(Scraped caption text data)
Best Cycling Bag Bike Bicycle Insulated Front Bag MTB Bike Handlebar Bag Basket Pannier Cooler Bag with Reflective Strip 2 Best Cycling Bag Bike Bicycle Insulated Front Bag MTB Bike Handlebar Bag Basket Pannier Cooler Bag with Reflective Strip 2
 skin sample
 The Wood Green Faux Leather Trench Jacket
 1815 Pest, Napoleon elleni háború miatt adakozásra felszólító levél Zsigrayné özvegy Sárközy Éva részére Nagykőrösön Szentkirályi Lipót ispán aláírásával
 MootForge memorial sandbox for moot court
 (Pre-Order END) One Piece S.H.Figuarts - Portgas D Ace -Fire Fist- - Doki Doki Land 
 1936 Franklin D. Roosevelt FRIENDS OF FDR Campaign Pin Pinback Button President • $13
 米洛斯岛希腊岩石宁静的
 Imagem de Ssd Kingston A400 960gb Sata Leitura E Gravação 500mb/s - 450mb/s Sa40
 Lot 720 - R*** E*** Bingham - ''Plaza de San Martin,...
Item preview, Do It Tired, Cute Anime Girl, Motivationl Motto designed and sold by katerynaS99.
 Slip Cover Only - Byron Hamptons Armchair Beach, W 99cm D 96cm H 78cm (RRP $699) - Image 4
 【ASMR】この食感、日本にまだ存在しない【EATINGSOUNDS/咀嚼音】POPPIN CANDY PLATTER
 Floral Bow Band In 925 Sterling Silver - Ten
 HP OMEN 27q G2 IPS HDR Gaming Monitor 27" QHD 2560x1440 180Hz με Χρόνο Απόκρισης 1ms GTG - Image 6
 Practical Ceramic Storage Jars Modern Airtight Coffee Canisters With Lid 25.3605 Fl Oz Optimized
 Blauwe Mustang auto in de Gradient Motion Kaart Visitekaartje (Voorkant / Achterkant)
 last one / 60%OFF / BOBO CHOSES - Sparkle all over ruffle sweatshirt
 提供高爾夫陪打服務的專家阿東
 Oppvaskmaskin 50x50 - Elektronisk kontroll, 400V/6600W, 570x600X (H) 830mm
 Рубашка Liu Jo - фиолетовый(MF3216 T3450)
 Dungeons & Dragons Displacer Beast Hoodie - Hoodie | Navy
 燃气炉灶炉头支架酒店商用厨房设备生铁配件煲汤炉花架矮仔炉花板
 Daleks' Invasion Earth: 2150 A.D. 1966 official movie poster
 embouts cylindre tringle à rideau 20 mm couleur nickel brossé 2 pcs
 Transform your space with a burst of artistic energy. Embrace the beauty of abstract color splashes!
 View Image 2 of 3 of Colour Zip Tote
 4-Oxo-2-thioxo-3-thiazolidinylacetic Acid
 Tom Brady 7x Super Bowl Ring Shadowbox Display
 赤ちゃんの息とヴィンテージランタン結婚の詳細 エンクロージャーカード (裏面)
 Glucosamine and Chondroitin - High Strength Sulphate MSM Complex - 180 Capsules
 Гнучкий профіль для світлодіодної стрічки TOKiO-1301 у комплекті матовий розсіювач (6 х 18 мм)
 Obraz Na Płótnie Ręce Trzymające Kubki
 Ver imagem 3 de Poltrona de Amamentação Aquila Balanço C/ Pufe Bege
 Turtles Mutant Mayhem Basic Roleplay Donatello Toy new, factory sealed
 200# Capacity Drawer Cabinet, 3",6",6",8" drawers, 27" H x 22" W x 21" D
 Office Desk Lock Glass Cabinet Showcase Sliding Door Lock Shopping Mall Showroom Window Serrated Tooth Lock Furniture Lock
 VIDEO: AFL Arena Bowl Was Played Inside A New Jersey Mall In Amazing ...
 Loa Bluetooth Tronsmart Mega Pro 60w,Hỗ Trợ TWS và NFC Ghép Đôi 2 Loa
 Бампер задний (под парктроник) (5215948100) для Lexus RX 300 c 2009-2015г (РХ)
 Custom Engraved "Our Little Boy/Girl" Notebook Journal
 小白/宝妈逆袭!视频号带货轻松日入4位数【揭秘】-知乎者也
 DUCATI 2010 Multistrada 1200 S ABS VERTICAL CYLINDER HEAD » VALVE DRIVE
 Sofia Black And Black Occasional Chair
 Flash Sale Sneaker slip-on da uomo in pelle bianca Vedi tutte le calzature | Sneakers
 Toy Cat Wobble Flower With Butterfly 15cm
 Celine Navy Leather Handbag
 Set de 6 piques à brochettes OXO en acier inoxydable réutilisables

■ Assignment ■
Starting at the first line of the data above, retype each line exactly until you reach the line containing "Slip Cover Only", and include that line too.

■ Answer area ■
Best Cycling Bag Bike Bicycle Insulated Front Bag MTB Bike Handlebar Bag Basket Pannier Cooler Bag with Reflective Strip 2 Best Cycling Bag Bike Bicycle Insulated Front Bag MTB Bike Handlebar Bag Basket Pannier Cooler Bag with Reflective Strip 2
 skin sample
 The Wood Green Faux Leather Trench Jacket
 1815 Pest, Napoleon elleni háború miatt adakozásra felszólító levél Zsigrayné özvegy Sárközy Éva részére Nagykőrösön Szentkirályi Lipót ispán aláírásával
 MootForge memorial sandbox for moot court
 (Pre-Order END) One Piece S.H.Figuarts - Portgas D Ace -Fire Fist- - Doki Doki Land 
 1936 Franklin D. Roosevelt FRIENDS OF FDR Campaign Pin Pinback Button President • $13
 米洛斯岛希腊岩石宁静的
 Imagem de Ssd Kingston A400 960gb Sata Leitura E Gravação 500mb/s - 450mb/s Sa40
 Lot 720 - R*** E*** Bingham - ''Plaza de San Martin,...
Item preview, Do It Tired, Cute Anime Girl, Motivationl Motto designed and sold by katerynaS99.
 Slip Cover Only - Byron Hamptons Armchair Beach, W 99cm D 96cm H 78cm (RRP $699) - Image 4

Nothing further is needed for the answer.